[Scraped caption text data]
--------------------------------------------------

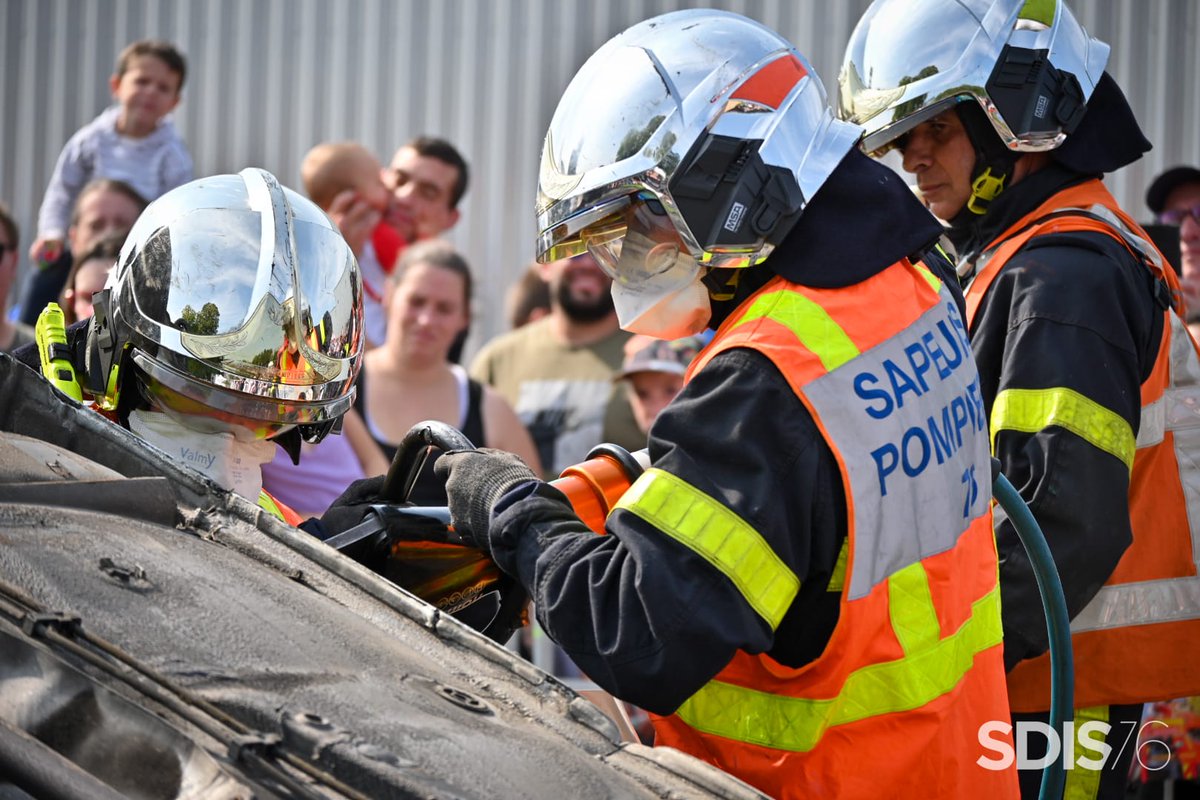 Sdis76's tweet photo. Le centre d'incendie et de secours d'Elbeuf ouvre ses portes aujourd'hui.

Il fête également ses 20 ans 🎂

Des démonstrations et des ateliers vont se derouler jusqu'à 17 heures.

📸 Stéphanie GOBERT  (ERI - Service Communication) https://t.co/Vkd7IQbsuS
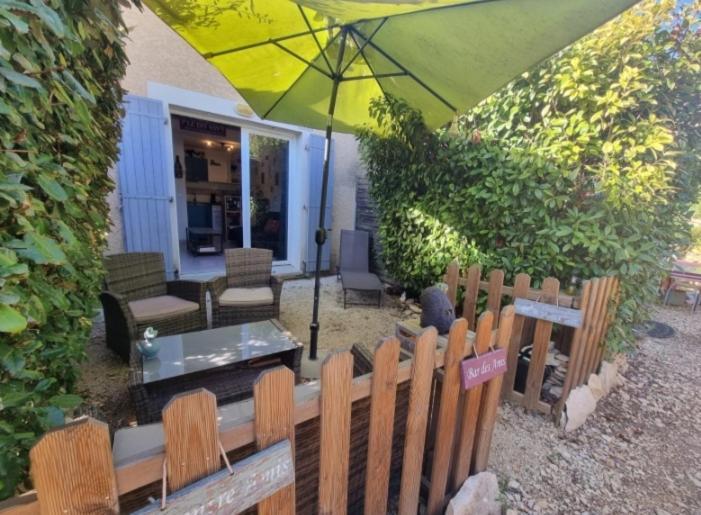 La Maison Bleue Calvisson Kültér fotó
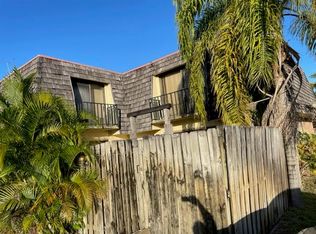 156 Woodland Rd, Palm Springs, FL 33461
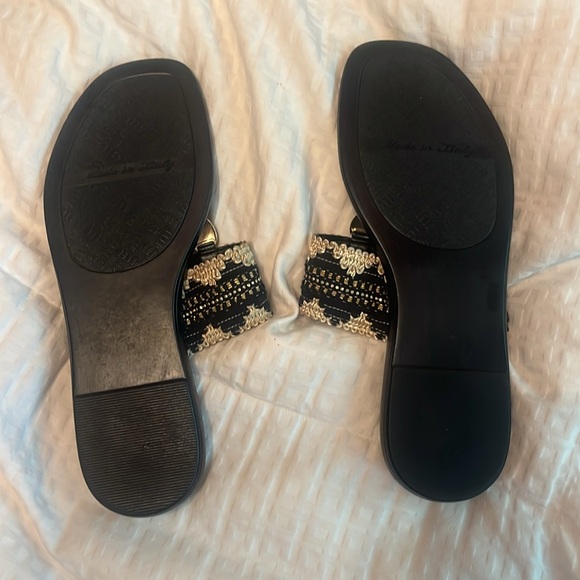 Italian Shoemakers Black and White Beaded Sandals - Picture 5 of 5
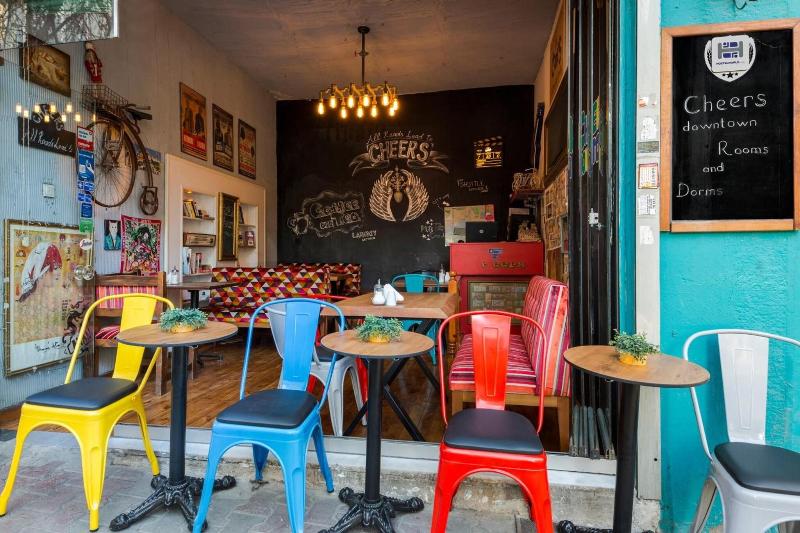 Cheers Midtown Hostel image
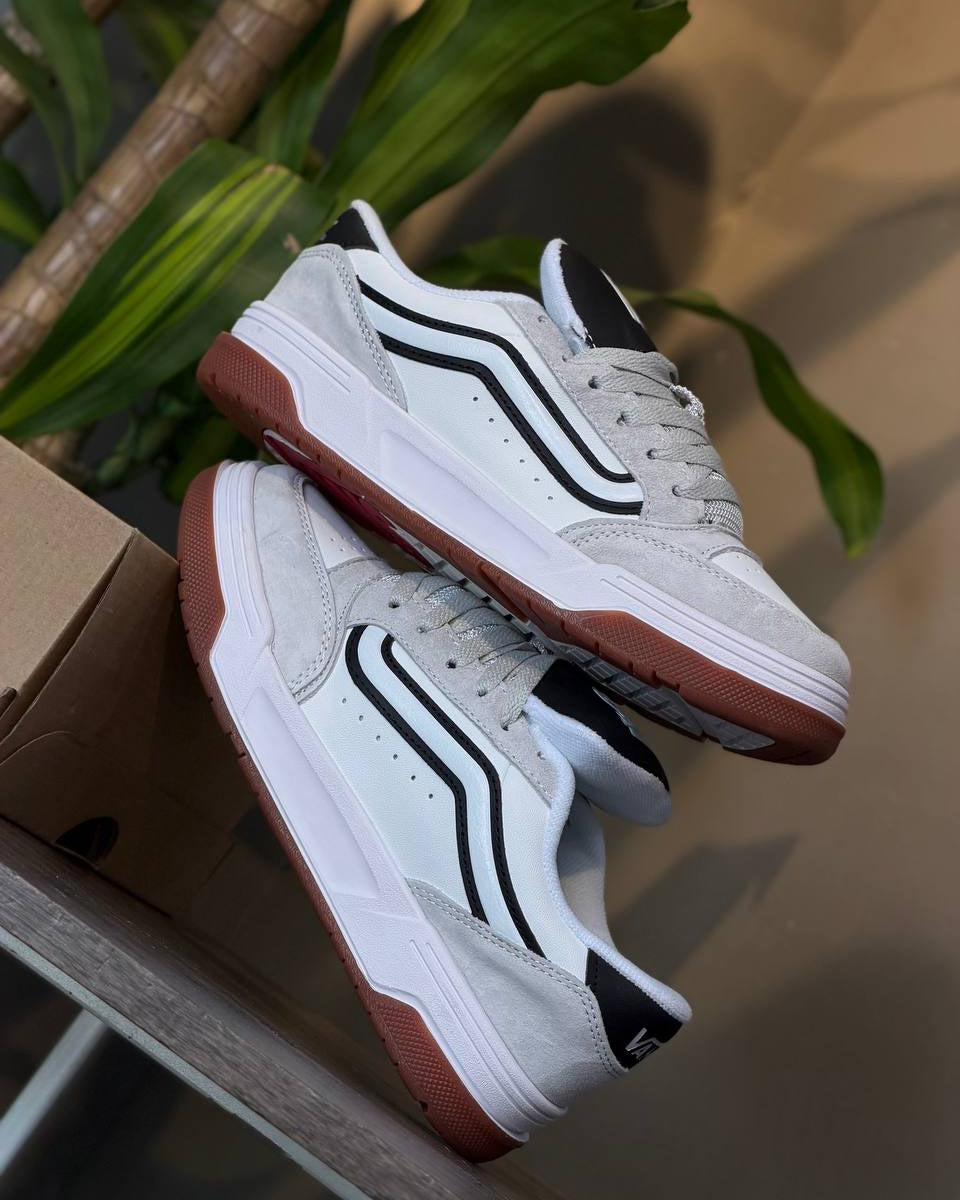 Vans Hylane “White/Gum”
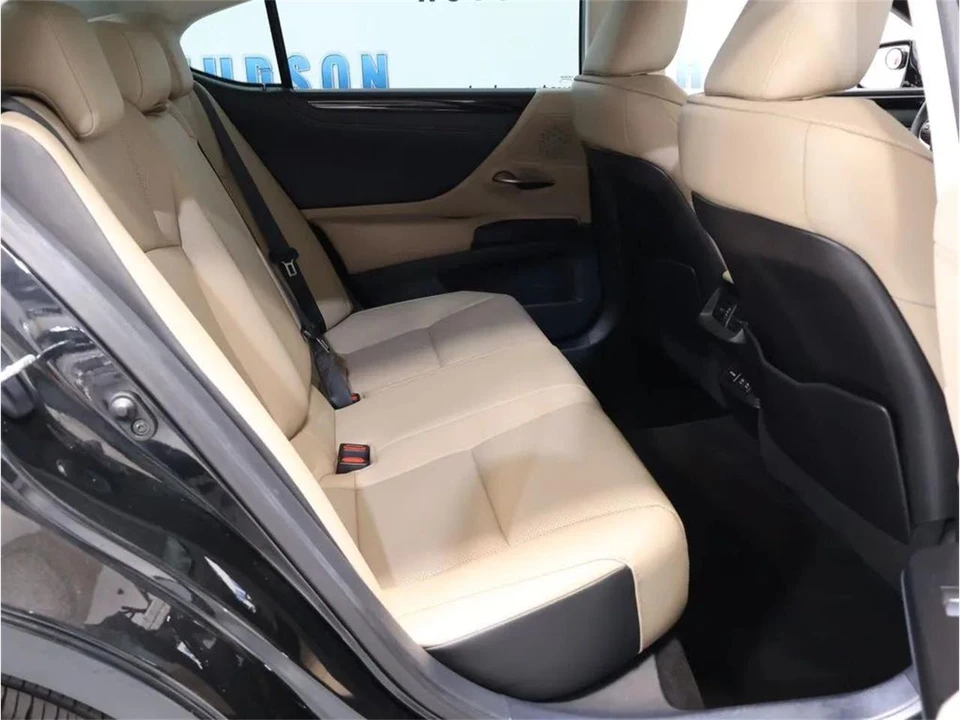 2021 Lexus ES 7th Gen - Image 29 of 31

--------------------------------------------------

Reproduce the entries exactly. Do not carry over any picture.

◆ **Response to the task**:
 Sdis76's tweet photo. Le centre d'incendie et de secours d'Elbeuf ouvre ses portes aujourd'hui.

Il fête également ses 20 ans 🎂

Des démonstrations et des ateliers vont se derouler jusqu'à 17 heures.

📸 Stéphanie GOBERT  (ERI - Service Communication) https://t.co/Vkd7IQbsuS
 La Maison Bleue Calvisson Kültér fotó
 156 Woodland Rd, Palm Springs, FL 33461
 Italian Shoemakers Black and White Beaded Sandals - Picture 5 of 5
 Cheers Midtown Hostel image
 Vans Hylane “White/Gum”
 2021 Lexus ES 7th Gen - Image 29 of 31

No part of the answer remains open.